Audio with BeatFusion

Generate music and audio tracks with BeatFusion 2.0. Combine AI audio with your AI videos to build complete multimedia content pipelines.

BeatFusion overview

BeatFusion is Skytells' audio generation model family. It generates original music, sound effects, and ambient audio from a text description.

Model	Cost	Quality	Best for
`beatfusion-2.0`	$0.75/pred	High	Production use, music
`beatfusion-1.0`	$0.45/pred	Standard	Prototyping, ambient audio

Your first audio prediction

curl -X POST https://api.skytells.ai/v1/predictions \
  -H "x-api-key: $SKYTELLS_API_KEY" \
  -H "Content-Type: application/json" \
  -d '{
    "model": "beatfusion-2.0",
    "input": {
      "prompt": "Upbeat corporate background music, light piano and strings, professional, 120 BPM",
      "duration_seconds": 30
    }
  }'

Response output contains an audio file URL (.mp3 or .wav).

BeatFusion input parameters

Parameter	Type	Description
`prompt`	string	Description of the desired audio
`duration_seconds`	int	Length in seconds (5–120)
`seed`	int	Reproducibility seed
`bpm`	int	Beats per minute (optional)
`key`	string	Musical key e.g. `"C major"` (optional)

Writing effective audio prompts

BeatFusion responds well to prompts that specify:

Genre or style — jazz, cinematic, lo-fi, EDM, ambient
Instruments — piano, acoustic guitar, synths, strings, drums
Mood/energy — relaxing, intense, uplifting, dark
Tempo — slow, medium, 90 BPM, 140 BPM
Use case — background music, video intro, podcast intro

Examples

"Cinematic orchestral score, strings and brass swelling to a dramatic climax, 
 epic film trailer style, 80 BPM"

"Lo-fi hip hop beat, vinyl crackle, muted piano chords, soft kick drum, 
 relaxing study music, 85 BPM"

"Tech startup product demo music, upbeat electronic, clean synths, 
 confident and modern, 125 BPM"

"Ambient meditation music, soft bells, nature sounds, slow evolving pads, 
 no percussion, peaceful"

Python: generate audio

import time
import urllib.request
import json
import os

API_KEY = os.environ["SKYTELLS_API_KEY"]
BASE = "https://api.skytells.ai/v1"

def generate_audio(prompt: str, duration_seconds: int = 30) -> str:
    req = urllib.request.Request(
        f"{BASE}/predictions",
        data=json.dumps({
            "model": "beatfusion-2.0",
            "input": {
                "prompt": prompt,
                "duration_seconds": duration_seconds,
            },
        }).encode(),
        headers={
            "x-api-key": API_KEY,
            "Content-Type": "application/json",
        },
    )
    with urllib.request.urlopen(req) as resp:
        prediction = json.loads(resp.read())

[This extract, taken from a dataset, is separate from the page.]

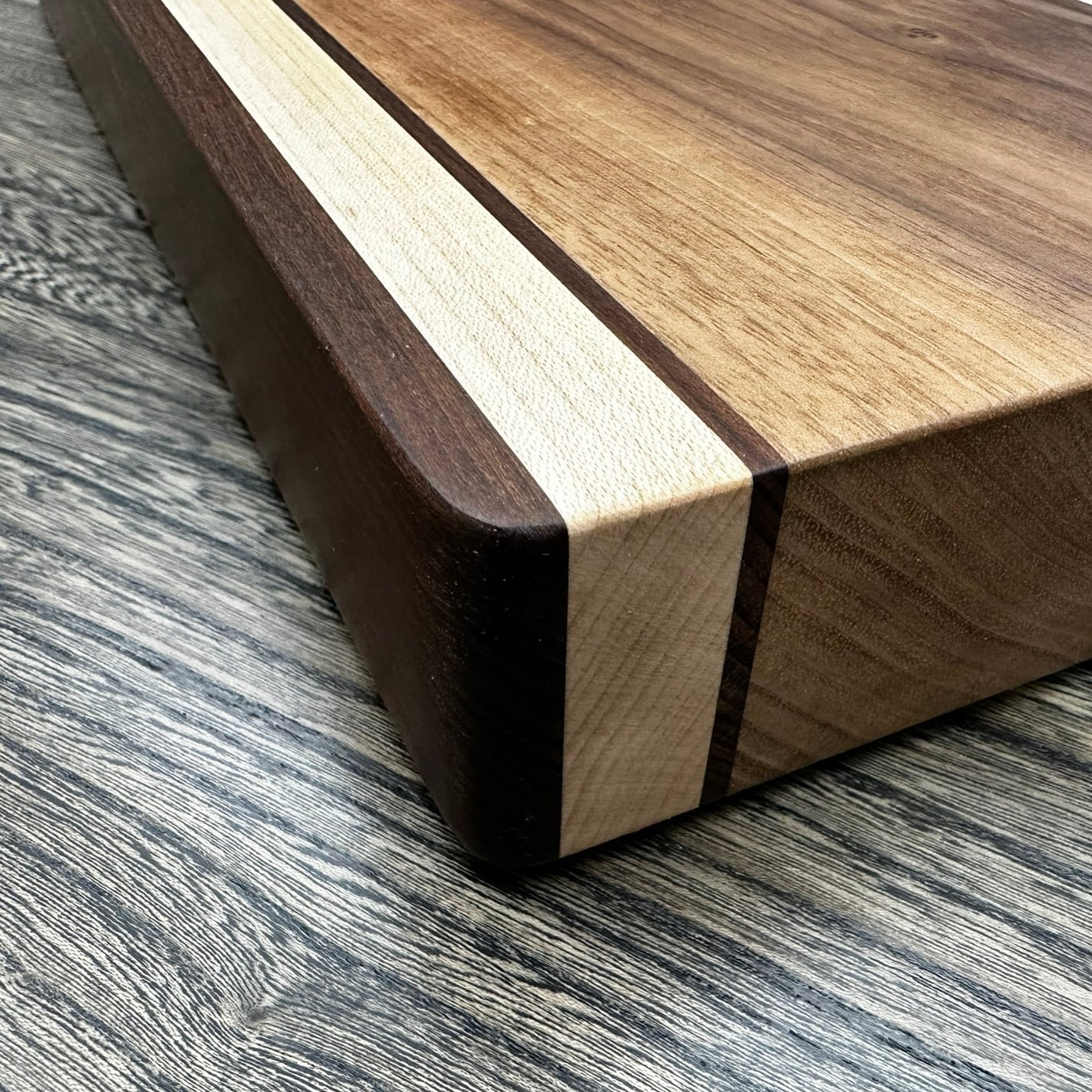 Maple & Walnut Cutting Board by Klara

    prediction_id = prediction["id"]
    while prediction["status"] not in ("succeeded", "failed"):
        time.sleep(3)
        req = urllib.request.Request(
            f"{BASE}/predictions/{prediction_id}",
            headers={"x-api-key": API_KEY},
        )
        with urllib.request.urlopen(req) as resp:
            prediction = json.loads(resp.read())

    if prediction["status"] != "succeeded":
        raise RuntimeError(prediction.get("error"))

    return prediction["output"][0]  # audio file URL

audio_url = generate_audio(
    "Lo-fi study music, soft piano, warm vinyl crackle, 85 BPM",
    duration_seconds=60,
)
print("Audio:", audio_url)

Combining video and audio with FFmpeg

Once you have both a video URL and an audio URL, combine them using FFmpeg:

import subprocess
import urllib.request

def download(url: str, path: str):
    urllib.request.urlretrieve(url, path)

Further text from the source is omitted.